We need a simple-to-use search environment to allow casual users to be able to search for key words and phrases throughout sets of data files. The interface to this search will be web based, hosted on a Windows server. The search will be based on the Lucene open source search engine.
The data sets will be the files and email from computers that have had their disks copied. These data sets will be held securely on an in-house server.
The search needs to be able to look at both file names and file contents, and return the following information:
• file name and location
• File type
• Extract of the file showing search terms highlighted
• Link to open the full file
The types of file that need to be searched are :
• MS Office files of all versions; Word, Excel, PowerPoint
• Open office files
• XML files
• HTML files
• PDF files
• Email stores, including those for Outlook, Outlook Express and thunderbird
• Nice to have: access databases
There needs to be a way for the searcher to specify individual, multiple or all datasets
The searcher needs to be able to tag files from the search results for easy retrieval later, as well as easy copying to other media, printing, emailing etc.

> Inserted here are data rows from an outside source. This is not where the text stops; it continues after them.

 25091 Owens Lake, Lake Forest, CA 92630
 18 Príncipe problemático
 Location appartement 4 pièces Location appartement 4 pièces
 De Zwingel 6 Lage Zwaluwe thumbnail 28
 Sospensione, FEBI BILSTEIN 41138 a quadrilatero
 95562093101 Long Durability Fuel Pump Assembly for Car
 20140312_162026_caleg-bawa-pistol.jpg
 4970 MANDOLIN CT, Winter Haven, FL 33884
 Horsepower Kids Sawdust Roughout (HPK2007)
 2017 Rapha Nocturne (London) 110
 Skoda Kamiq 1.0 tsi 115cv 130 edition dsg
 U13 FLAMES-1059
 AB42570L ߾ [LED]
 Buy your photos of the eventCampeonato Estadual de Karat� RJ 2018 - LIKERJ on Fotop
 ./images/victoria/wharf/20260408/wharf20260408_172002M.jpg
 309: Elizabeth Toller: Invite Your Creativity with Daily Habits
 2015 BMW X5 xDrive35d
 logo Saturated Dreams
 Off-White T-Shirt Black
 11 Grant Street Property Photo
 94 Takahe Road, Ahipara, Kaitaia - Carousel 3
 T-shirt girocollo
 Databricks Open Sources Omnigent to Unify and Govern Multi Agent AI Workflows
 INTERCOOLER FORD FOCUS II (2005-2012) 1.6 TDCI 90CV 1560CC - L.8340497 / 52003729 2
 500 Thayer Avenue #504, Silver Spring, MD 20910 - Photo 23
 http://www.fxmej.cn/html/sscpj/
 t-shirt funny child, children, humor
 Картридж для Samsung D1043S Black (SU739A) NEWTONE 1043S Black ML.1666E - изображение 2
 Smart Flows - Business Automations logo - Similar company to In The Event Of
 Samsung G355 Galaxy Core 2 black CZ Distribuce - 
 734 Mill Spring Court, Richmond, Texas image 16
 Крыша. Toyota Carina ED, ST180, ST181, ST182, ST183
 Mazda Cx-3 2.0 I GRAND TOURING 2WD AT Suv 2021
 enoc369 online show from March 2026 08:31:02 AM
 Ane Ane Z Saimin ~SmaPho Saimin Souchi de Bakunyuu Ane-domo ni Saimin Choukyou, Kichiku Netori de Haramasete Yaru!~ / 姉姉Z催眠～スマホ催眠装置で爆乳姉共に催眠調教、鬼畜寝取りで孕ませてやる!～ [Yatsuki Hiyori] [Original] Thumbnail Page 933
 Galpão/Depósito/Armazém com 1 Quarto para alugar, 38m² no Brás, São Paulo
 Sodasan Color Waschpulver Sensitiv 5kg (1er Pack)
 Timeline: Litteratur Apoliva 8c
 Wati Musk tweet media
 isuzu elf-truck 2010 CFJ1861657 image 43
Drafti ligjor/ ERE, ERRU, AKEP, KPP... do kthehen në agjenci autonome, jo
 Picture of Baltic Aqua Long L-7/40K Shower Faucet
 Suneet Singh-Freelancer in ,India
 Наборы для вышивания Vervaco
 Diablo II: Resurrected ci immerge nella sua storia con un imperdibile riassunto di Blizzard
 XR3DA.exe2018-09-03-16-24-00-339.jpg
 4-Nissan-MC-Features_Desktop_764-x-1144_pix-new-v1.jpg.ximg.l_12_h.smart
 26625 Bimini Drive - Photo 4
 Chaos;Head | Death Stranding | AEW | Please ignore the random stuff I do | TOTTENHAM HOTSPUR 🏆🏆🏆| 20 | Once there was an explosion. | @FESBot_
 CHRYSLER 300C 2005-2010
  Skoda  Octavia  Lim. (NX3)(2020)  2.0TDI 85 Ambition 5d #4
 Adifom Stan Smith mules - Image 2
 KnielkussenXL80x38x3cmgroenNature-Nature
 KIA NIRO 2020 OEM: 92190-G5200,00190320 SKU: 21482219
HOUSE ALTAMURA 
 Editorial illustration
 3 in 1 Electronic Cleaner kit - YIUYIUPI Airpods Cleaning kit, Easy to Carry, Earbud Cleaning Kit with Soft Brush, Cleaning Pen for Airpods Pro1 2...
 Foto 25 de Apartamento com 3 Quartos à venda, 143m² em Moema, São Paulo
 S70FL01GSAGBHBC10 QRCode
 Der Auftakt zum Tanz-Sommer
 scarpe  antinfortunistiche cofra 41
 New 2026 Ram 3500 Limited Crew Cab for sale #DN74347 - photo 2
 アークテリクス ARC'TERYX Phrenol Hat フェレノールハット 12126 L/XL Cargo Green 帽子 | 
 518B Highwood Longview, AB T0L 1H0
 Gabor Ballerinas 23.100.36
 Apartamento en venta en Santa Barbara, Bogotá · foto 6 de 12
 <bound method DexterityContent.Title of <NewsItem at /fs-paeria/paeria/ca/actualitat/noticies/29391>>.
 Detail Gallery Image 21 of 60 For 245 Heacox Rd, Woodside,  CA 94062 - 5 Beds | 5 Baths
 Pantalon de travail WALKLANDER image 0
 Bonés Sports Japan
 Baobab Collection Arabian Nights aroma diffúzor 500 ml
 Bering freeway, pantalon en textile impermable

Besides search there needs to be a mechanism for browsing through files in the datasets, in a Windows Explorer type environment.
As an example of use : imagine we have taken a copy of the entire hard disk from 20 different computers, and have all of that data stored on our server classified as a dataset for each computer. A user wants to search for all information about a customer called "abc". He should be able to enter "abc" in to the search box and see all documents and emails containing that string. He should be able to narrow his search by enabling or disabling certain dataset. He should be able to tag certain results and export the tagged files or emails to be saved in another location.
This is a new project and it is very likely that there will be follow on work to add additional features as we use it.
We will want the deliverable to include all source code, build files etc and full instructions on how the software needs to be installed and configured.